As stated earlier, proposed Rule 2210(b)(1)(D)(ii) would except from prior principal approval any retail communication that is posted on an online interactive electronic forum provided that the member supervises and reviews such communications in the same manner as required for supervising correspondence pursuant to Rule 3010(d). FINRA states that it will consider further guidance related to mobile electronic devices but does not believe this proposed rulemaking is the appropriate vehicle to address all issues related to new technologies.
Dorothy M. Donohue
Senior Associate Counsel
[1] See File No. SR-2011-035 (July 14, 2011) (“Proposal”), which can be accessed at http://www.finra.org/web/groups/industry/@ip/@reg/@rulfil/documents/rulefilings/p123893.pdf (“Proposal”).
[2] The rule filing was preceded by FINRA Regulatory Notice No. 09-55 (September 2009) on which the Institute commented (“Notice”). See Letter to Ms. Marcia E. Asquith, Senior Vice President and Corporate Secretary, Office of the Corporate Secretary, FINRA from Dorothy M. Donohue, Senior Associate Counsel, Investment Company Institute, dated November 19, 2009.
[3] The definitions of “public appearance” and “independently prepared reprint” would be eliminated. They would remain excepted from the filing requirements, and the content standards applicable to them would remain limited. Proposed Rule 2210(f) sets forth standards that would apply to public appearances. Proposed Rule 2210(c)(7)(I) excepts certain independently prepared reprints from the filing requirements.
[4] There currently is a similar provision in NASD Rule 2210(b)(1)(D).
[5] This category carries forward a current exception from the principal pre-use approval requirements for market letters.
[6] This codifies a current interpretation of the rules governing communications with the public that allows members to supervise communications posted on interactive electronic forums in the same manner as is required for supervising correspondence set forth in Regulatory Notice 10-06 (January 2010).

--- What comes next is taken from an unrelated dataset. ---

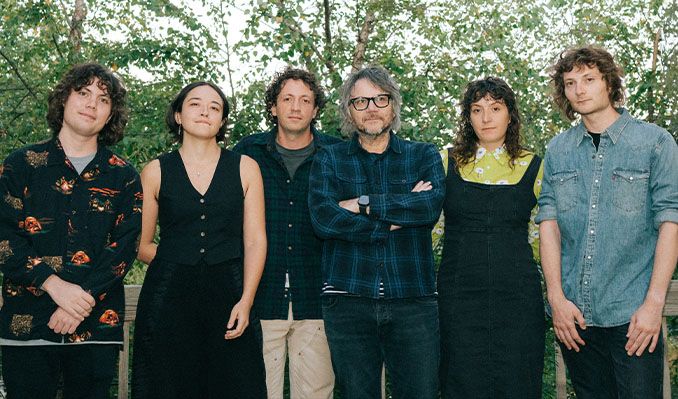 JEFF TWEEDY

[7] FINRA states that it revised the proposed principal approval requirements in this manner to address concerns raised by ICI and other commenters. FINRA also states that it generally considers this exception to cover communications that are more administrative in nature, such as communications that inform investors that their account statement is available online, or of the date of an expected dividend payment. It further states that communications that are intended to educate investors about products or services do not fall within this exception.
[8] NASD IM-2210-1 provides general guidelines to ensure that communications with the public are not misleading and NASD IM-2210-4 contains limitations on the use of FINRA’s name in communications with the public.

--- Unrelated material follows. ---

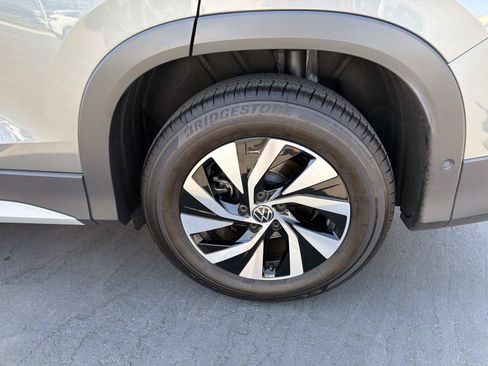Certified 2026 Volkswagen Tiguan S FWD image 6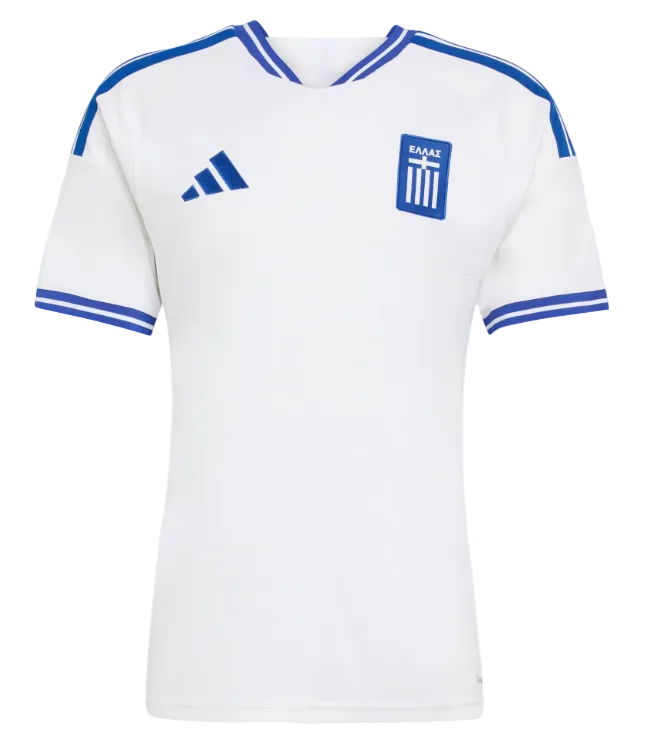 GREECE 2026/27 HOME JERSEY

[9] FINRA states that its staff already interprets NASD Rule 2210 (d)(1)(B) to prohibit promissory language in member communications.

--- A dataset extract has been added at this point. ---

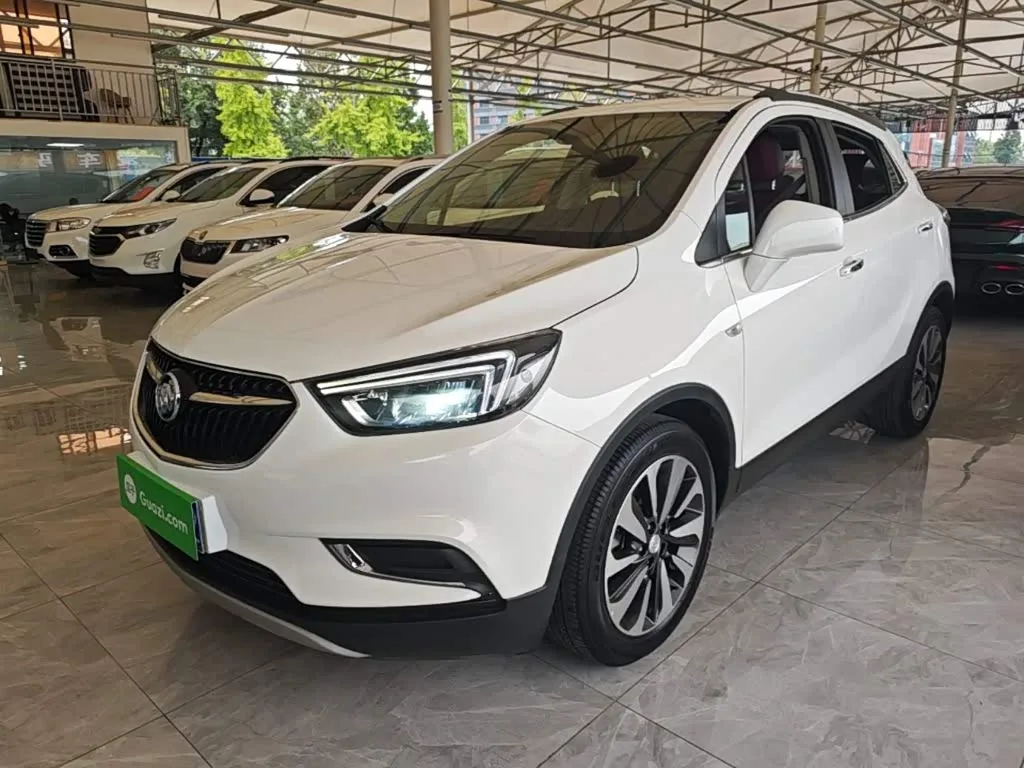 Buick Encore 2016 из Китая — купить под ключ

[10] Differing from the Notice, under the Proposal, financial interests of an associated person of a member in the security being recommended only would have to be disclosed if the associated person has the ability to influence the content of the communication.
[11] The modified requirements would be based on Investment Advisers Act of 1940 Rule 206(4)-1 (requiring disclosure for investment adviser advertisements that include past recommendations).